I worked with several people over the years that lost fingers on the job. The worst offender in these cases is a bench grinder. Most folks don't consider them to be a hazard.


----------



## mastersus (Aug 16, 2013)

To start off I would like to directly address the issues first raised i.e. horizontal sawing and bobbin sander. First off, when rip sawing in the horizontal plane, the depth of cut is limited to the effective distance protruding past the fence and of the arbour nut at it's closest behind the wooden fence, where it must always be, also the fence must be at such a height as to allow the blade to pass over onto the table. The guard become obsolete in this cut, but a box can be constructed to fit over the behind the fence portion of the blade to provide a guard, also the blade chosen must be small enough to clear the column when fully retracted, for obvious reasons. As the wood is sitting on the table (or sub table, depending on cut) there is no lift to it during the cut , indeed gravity works for you in pulling it down under it's own weight (plus your secure holding grip of course) employing a push stick close to the fence, even allowing it to be cut into at the end of the cut, is good practice. If any body wants to try this cut and are not sure of the procedures, post you set up and let us review before you switch on the machine.
Bobbin sanders are in my opinion one of the dangers in the workshop. So innocent looking there ability to grab and spin the wood in your hands if your not careful, they can give you quite a bruise, I know as I well remember it. Keep the bobbin/sanding area clear of any internal corners and enclosure by say the back side of the work and you should be fine.
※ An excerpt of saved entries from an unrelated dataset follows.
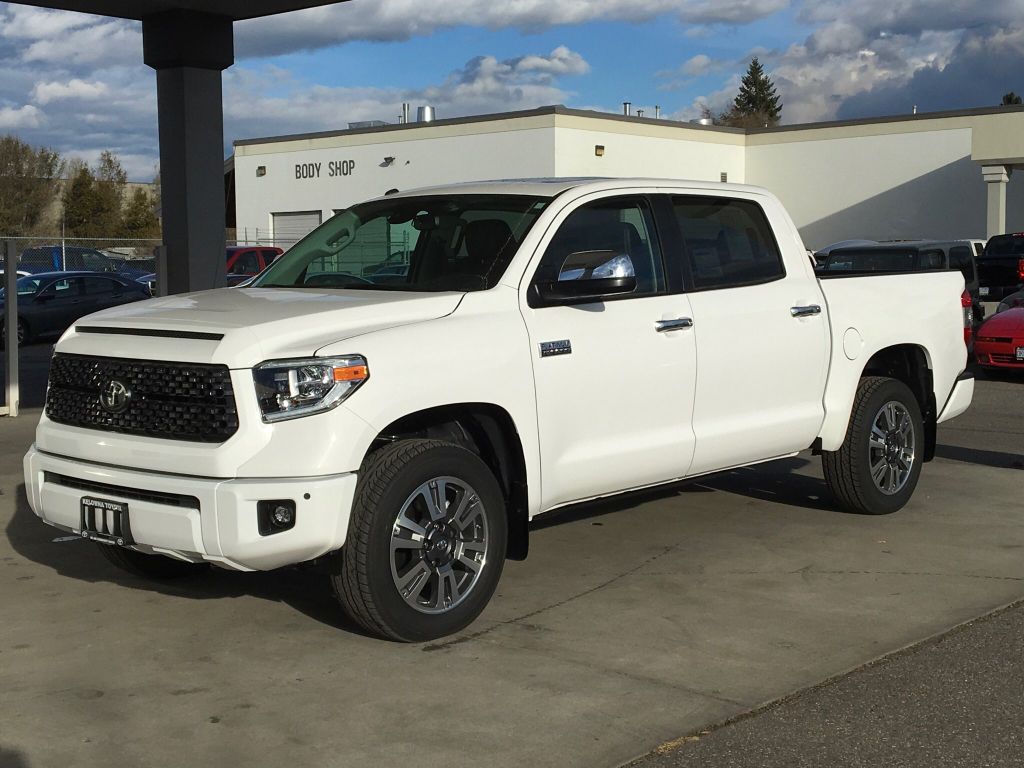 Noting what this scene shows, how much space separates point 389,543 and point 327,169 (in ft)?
148

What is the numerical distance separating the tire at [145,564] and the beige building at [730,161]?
35.4 metres

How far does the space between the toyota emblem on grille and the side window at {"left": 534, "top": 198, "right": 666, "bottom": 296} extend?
6.18ft

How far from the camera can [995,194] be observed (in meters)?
40.7

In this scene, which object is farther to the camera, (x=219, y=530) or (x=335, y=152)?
(x=335, y=152)

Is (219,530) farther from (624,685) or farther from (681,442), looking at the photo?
(681,442)

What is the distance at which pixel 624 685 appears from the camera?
507cm

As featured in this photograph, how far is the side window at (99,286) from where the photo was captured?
955 inches

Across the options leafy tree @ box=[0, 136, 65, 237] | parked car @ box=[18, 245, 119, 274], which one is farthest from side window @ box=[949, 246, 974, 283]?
leafy tree @ box=[0, 136, 65, 237]

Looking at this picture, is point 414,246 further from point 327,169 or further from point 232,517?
point 327,169

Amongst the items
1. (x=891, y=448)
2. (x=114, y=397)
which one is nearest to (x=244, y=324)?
(x=114, y=397)

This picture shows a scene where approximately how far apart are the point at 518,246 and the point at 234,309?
1.33 metres

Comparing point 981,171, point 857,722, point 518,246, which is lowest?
point 857,722

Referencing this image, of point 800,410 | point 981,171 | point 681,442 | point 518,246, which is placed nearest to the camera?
point 518,246

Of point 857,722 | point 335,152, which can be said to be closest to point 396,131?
point 335,152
You can also use the bobbin as a straightening sander (much like a jointer) by placing the drum within a specially made fence, stepped similarly to the jointer at the off-shoot end of direction.
I would advise all and any RAS new padawans and old alike, to get hold of, and read Wally Krunkels (Mr Sawdust) book, it's the best mastersus


----------



## BusterBrown (Jun 6, 2013)

Nice saw hairy! In case you haven't come across them yet, here's a couple resources you may be interested in:

DeWalt Radial Arm Saw Discussion Forum
http://people.delphiforums.com/snotzalot/sawdust/

Wally Kunkel's book
http://www.mrsawdust.com/index.php

Kunkel is a former DeWalt salesman and wrote his book with DeWalts in mind. I've heard it's a great resource for all RAS owners and have been meaning to pick up a copy.


----------



## Woodmaster1 (Apr 26, 2011)

When I taught woodworking several years ago I had the students use every possible set up each machine could do. The radial arm saw was no exception. The text book I used illustrated each possible set up. I had no accidents on any machine.


----------



## Jim Jakosh (Nov 24, 2009)

I have an old (70's) Craftsman RAS and it was my first saw. I bought it to build a deck and it did ripping, cross cutting Dadoing and finger joints on it. If that is all you have, you make it work for everything. I did some old style telephone boxes on it by stacking up the boards and then finger joining the corners. I put a big graduated wheel on it so I could finely adjust it up and down. I use it strictly for cross cut dados any more now that I have more tools, but it gets used at least once every 2 months with Craftsman wobble dado on it..

I did have a problem with the brake. I think the brake plate wore down and broke and the end of the spring was rubbing what was left. That kept throwing sparks into the saw dust which is dangerous in a wood shop. I went to get new brake parts from Sears and they are no longer available, so I just removed all the brake parts and let it coast to stop


----------